- _GOAL OF THE EXERCISE_
Given the records underneath, please repeat exactly the lines from the line with "Richmond location on" through the line with "Miz Mooz Women's", passing over any picture.

- _DATA UNDER STUDY_
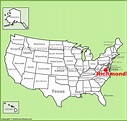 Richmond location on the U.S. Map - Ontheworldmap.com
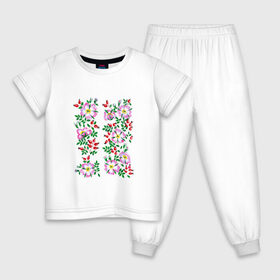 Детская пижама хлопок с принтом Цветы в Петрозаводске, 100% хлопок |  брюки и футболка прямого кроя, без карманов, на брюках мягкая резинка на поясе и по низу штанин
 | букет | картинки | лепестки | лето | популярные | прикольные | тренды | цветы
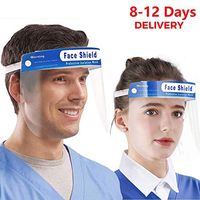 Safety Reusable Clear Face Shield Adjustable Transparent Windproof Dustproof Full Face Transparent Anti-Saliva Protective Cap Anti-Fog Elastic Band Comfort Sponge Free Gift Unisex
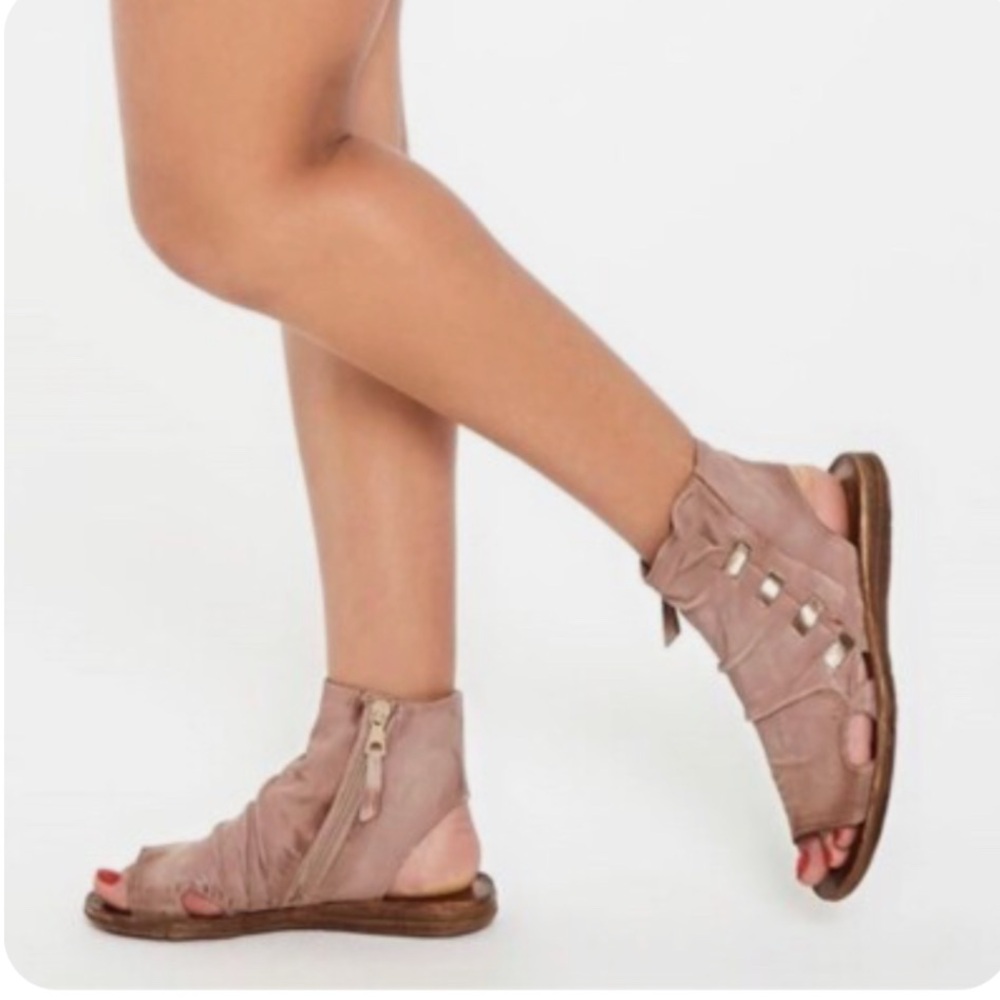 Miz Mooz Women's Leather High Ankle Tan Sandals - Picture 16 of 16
...
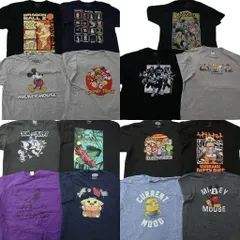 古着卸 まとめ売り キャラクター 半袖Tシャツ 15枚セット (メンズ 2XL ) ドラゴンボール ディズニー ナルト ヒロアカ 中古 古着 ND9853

- _ANSWER SPACE_
 Richmond location on the U.S. Map - Ontheworldmap.com
 Детская пижама хлопок с принтом Цветы в Петрозаводске, 100% хлопок |  брюки и футболка прямого кроя, без карманов, на брюках мягкая резинка на поясе и по низу штанин
 | букет | картинки | лепестки | лето | популярные | прикольные | тренды | цветы
 Safety Reusable Clear Face Shield Adjustable Transparent Windproof Dustproof Full Face Transparent Anti-Saliva Protective Cap Anti-Fog Elastic Band Comfort Sponge Free Gift Unisex
 Miz Mooz Women's Leather High Ankle Tan Sandals - Picture 16 of 16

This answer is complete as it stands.